- [What to work on]:
Restate word for word the lines of the material below, from the line with "Blusa Naranja, Ivory" to the line with "现货美式高街休闲棉衣夹克三防", both lines included, and no others.

- [Raw data]:

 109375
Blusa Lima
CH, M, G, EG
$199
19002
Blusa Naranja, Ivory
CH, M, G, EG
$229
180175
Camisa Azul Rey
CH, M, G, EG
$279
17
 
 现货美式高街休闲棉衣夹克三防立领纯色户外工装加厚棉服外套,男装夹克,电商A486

==

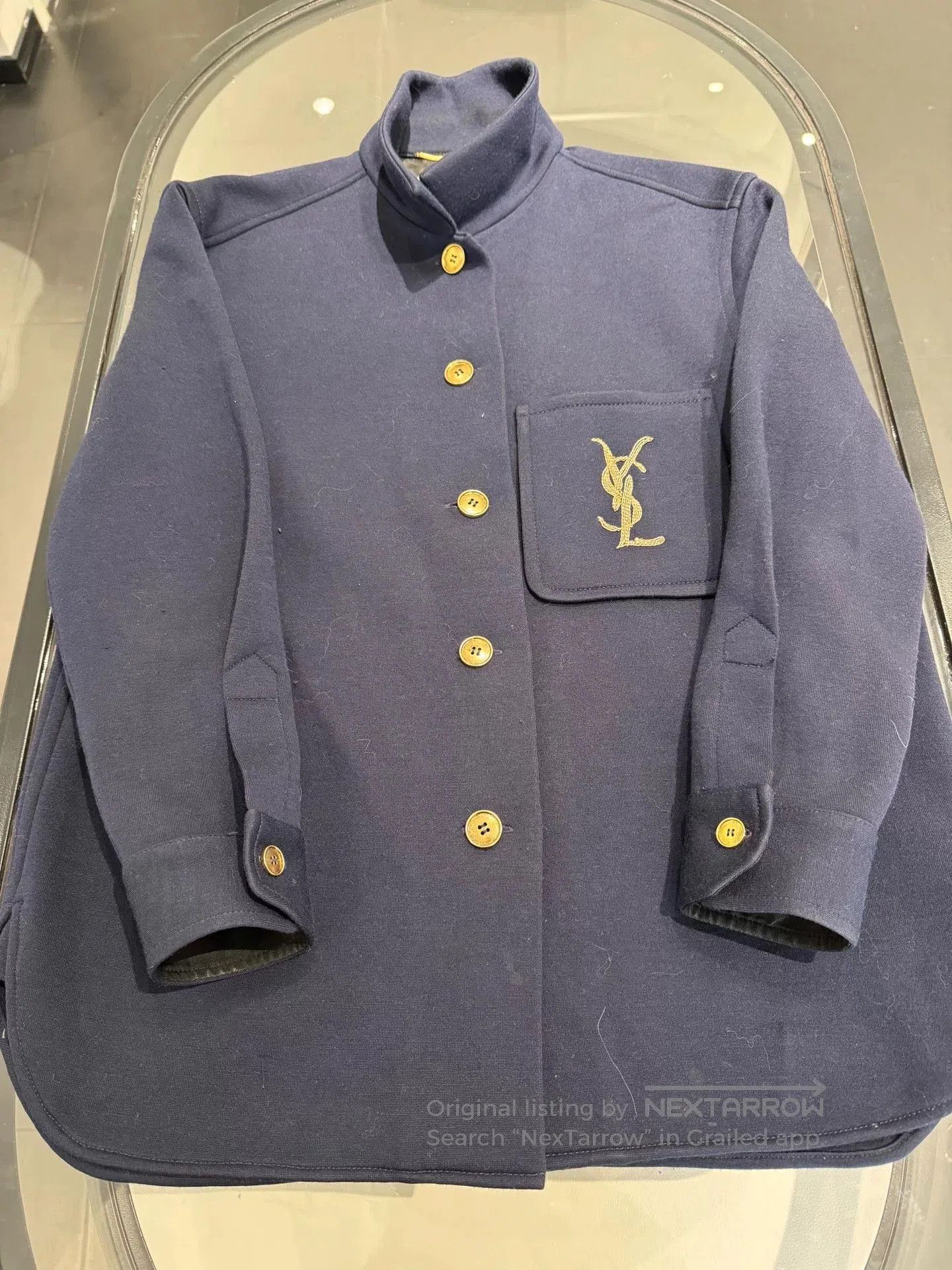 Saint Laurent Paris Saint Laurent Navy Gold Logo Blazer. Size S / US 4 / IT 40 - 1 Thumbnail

- [Your solution]:
Blusa Naranja, Ivory
CH, M, G, EG
$229
180175
Camisa Azul Rey
CH, M, G, EG
$279
17
 
 现货美式高街休闲棉衣夹克三防立领纯色户外工装加厚棉服外套,男装夹克,电商A486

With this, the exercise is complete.